A strong legacy left behind by LA’s own!

By Mike Cotton

Prior to his passing, Nipsey Hussle was an inspiration for young black men, on both a spiritual and an entrepreneurial level. While living, Nipsey was a positive force within the rap game with a bright mind that wanted to change the world. Throughout various mixtapes and a Grammy-nominated debut studio album, Nipsey often spoke about the harsh realities in which he had to face while growing up in LA, and how an early exposure to gang life, drugs, and murder molded him into the man he was prior to his death. Starting with just the title of the album, ‘Victory Lap’, Nipsey going from gang banging, to dedicating his time to music, to releasing a studio album was huge for him. On this album Nipsey also touched up on what music means to black lives, as well as breaking the cycle of gang violence in LA.

On “Dedication” (featuring Kendrick Lamar) Nipsey said, “This ain’t entertainment, it’s for the n***as on the slave ship. These songs just the spirituals I swam against them waves with. Ended up on shore to their amazement.” This bar was considered one of the most impactful bars on his album after its release, as he was stating that although there are many systemic obstacles that black people have to face, music continues to uplift and service the black community with unity. In the next track “Blue Laces 2”, Nipsey briefly explains how he feels about the repeated cycle of gang violence in his old neighborhood when he said, “Third generation South Central gang bangers. That lived long enough to see it changing. Think it’s time we make arrangements. Finally wiggle out they mazes, find me out in different places…” What Nipsey is saying here is that whether it’s intentional or not, gang bangers pass down their gang life traditions onto their children. With Nipsey contributing to his old neighborhood by opening a business there, he’s bringing generations of destructive behavior passed down from past gang bangers to their family members to a halt.

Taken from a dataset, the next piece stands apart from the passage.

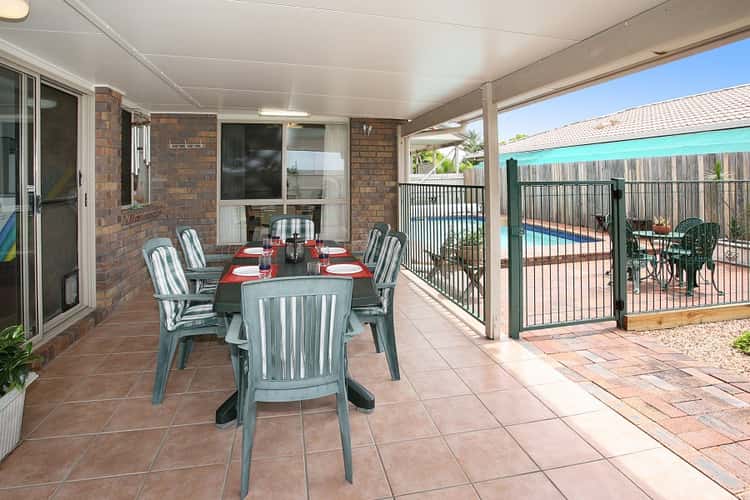 Third view of Homely house listing, 35 Jasmin Circle, Bokarina QLD 4575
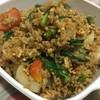 ข้าวผัดรถไฟ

In regard to his entrepreneurial influence, Nipsey’s mind was always there entrepreneurially. Back in 2013, Nipsey was selling physical copies of his ‘Crenshaw’ mixtape for $100 each. In the process, Nipsey caught the attention of Jay-Z, who ended up buying 100 copies of ‘Crenshaw’ because he respected Nipsey’s hustle.  Nipsey’s plans to give back to his community surpassed many expectations. As he began his business ventures by opening his Marathon brand clothing store at the corner of Slauson and Crenshaw in June of 2017. He owned the strip mall surrounding the store, he had intentions of building housing within that area as well. On February 15, 2017, alongside real estate developer and longtime business partner David Gross, Nipsey launched a coworking space called Vector 90 in South Central. The coworking space centered around teaching STEM skills to young black students within the area. Nipsey was also involved with an investment fund under the name, “Our Opportunity”, which was launched in October of 2019 by David Gross in honor of Nipsey Hussle. Its objective was to use tax incentives to further the development of predominantly black communities. Nipsey Hussle was trying to alter the way in which young black men and women could maneuver within systemic racism, as well as breaking the cycle of gang violence. Although he wasn’t capable of doing it within his thirty-three years of living, individuals such as David Gross will live up to what Nipsey wanted to accomplish, while also doing it in his honor.